Session Compaction
Status
Implemented — internal/agent/pool_compaction.go (orchestration), memory.Engine (SQLite persistence), channels expose /compact.
Problem
LLM runners have finite context windows. As a session accumulates messages, the history grows unbounded. Eventually the runner's context fills up, leading to degraded responses or hard failures.

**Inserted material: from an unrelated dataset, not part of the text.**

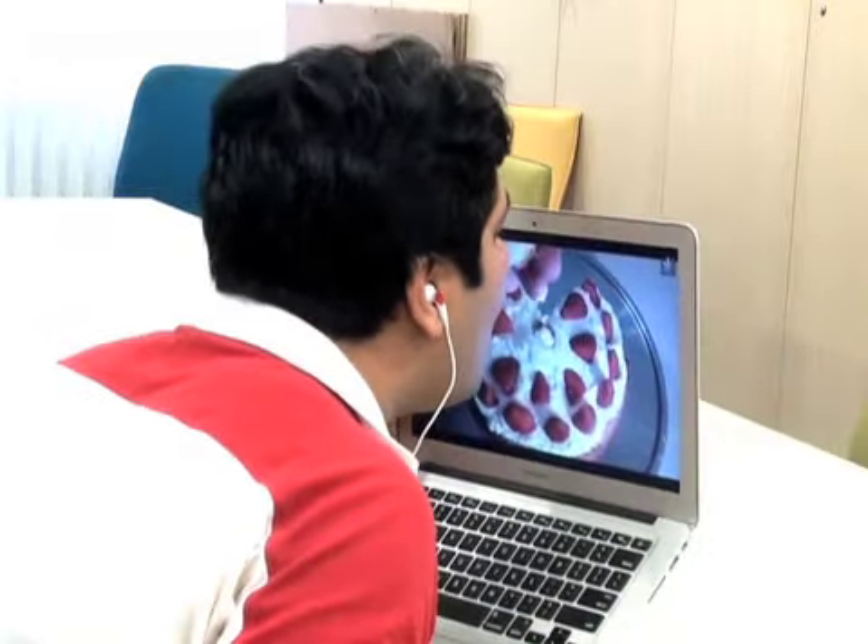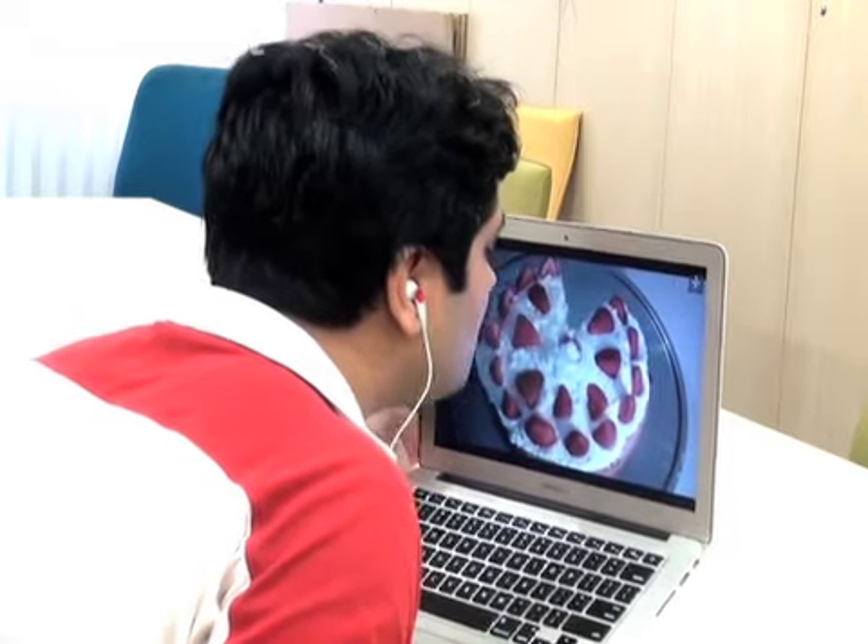Instead of just looking at a cake on your screen, you can now actually taste it.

Long-lived sessions (Telegram chats, multi-day coding sessions) hit this wall quickly.
We need a way to compress old history without losing critical context, and without requiring the user to manually start a new session.
Design: Handoff-Style Compaction
The core idea is borrowed from the "handoff" pattern used by coding agents: when context gets too large, ask the LLM itself to produce a self-contained summary, then replace the old history with that summary plus a small tail of recent messages.
Before compaction:
┌──────────────────────────────────┐
│ session header │
│ message 1 │
│ message 2 │
│ ... │
│ message N-20 │
│ message N-19 │ ← kept verbatim
│ ... │
│ message N │
└──────────────────────────────────┘
After compaction:
┌──────────────────────────────────┐
│ session header │
│ compaction { summary } │ ← LLM-generated summary
│ message N-19 │ ← last 20 messages kept
│ ... │
│ message N │
└──────────────────────────────────┘The summary is structured so the runner can continue the conversation without the original messages — it contains the goal, progress, decisions, files changed, current state, blockers, and next steps.
Architecture
Channel (/compact or auto)
|
v
Pool.CompactSession(ctx, sessionID)
|
├─ getOrCreateRunner() load session from SQLite if needed, ensure runner
│
├─ collectFullResponse() send compaction prompt to runner, collect summary
│
├─ memory.Engine compaction store summary + tail in SQLite
│
└─ kill runner next Chat() starts fresh with clean contextToken Estimation
Token estimation sums the byte length of stored messages and divides by 4 (rough heuristic: ~4 bytes per token for English text with JSON overhead).
Compaction Prompt
The prompt asks the runner to produce a structured summary:
- Goal — original session objective
- Progress — what was completed or partially done
- Key Decisions — decisions and rationale
- Files Changed — paths with context
- Current State — what works, what doesn't
- Blockers / Gotchas — issues or edge cases
- Next Steps — concrete, actionable tasks
Guidelines enforce self-containment: the summary must make sense to a reader with zero access to the prior conversation.
Storage Format
Compaction summaries are stored as messages in the SQLite database via
memory.Engine. On Load(), the engine converts the compaction entry into a
pair of ai.Messages — a user message containing the summary and an assistant
acknowledgment — so the runner sees it as normal conversation history.
Triggers
Manual — /compact command
Available in both CLI and Telegram:
/compactCalls Pool.CompactSession() directly. Returns the summary text to the user.
Automatic — token threshold
Pool.Chat() checks Pool.NeedsCompaction() before each message. If the
estimated token count exceeds the threshold, compaction runs automatically
before the user's message is sent.
If auto-compaction fails, the system logs a warning and continues with the full history — it never blocks the user's message.
Configuration
In ~/.anna/config.yaml under runner::
runner:
compaction:
max_tokens: 80000 # auto-compact threshold (0 = default 80k, -1 = disabled)
keep_tail: 20 # recent messages to preserve verbatimBoth fields have defaults applied via CompactionConfig.WithDefaults():
max_tokens: 80,000 (when 0 or omitted; set to-1to disable)keep_tail: 20
Setting max_tokens: -1 in config disables automatic compaction; /compact
still works manually.
Stateful Runners
Some runners (like the Pi subprocess) maintain their own context in-process and
ignore the history parameter passed to Chat(). For these runners, killing
the process after compaction would destroy live context for no benefit — the new
process can't replay the compacted history anyway.
Runners signal this by implementing the optional runner.Stateful interface:
type Stateful interface {
Stateful() bool
}When a runner is stateful, CompactSession() skips the runner kill. The
compacted history is still written to disk (for crash recovery and session
restore), but the live runner keeps its in-process context intact.
For stateless runners that rebuild context from history, the runner is killed as
before so the next Chat() call starts fresh with the compacted history.
Session Loading
CompactSession() uses getOrCreateRunner() — the same path as Chat() — so
it works even when the session exists only on disk (e.g., after process restart
or for Telegram sessions that haven't been accessed in this process lifetime).
This ensures /compact is always available for any persisted session.
Failure Modes
| Scenario | Behavior |
|---|---|
| Runner fails to summarize | Returns error, session untouched |
| Database write fails | Returns error, original data preserved |
| Auto-compaction fails | Logs warning, continues with full history |
| Empty summary from runner | Returns error: "empty summary response" |
All writes go through SQLite transactions for atomicity.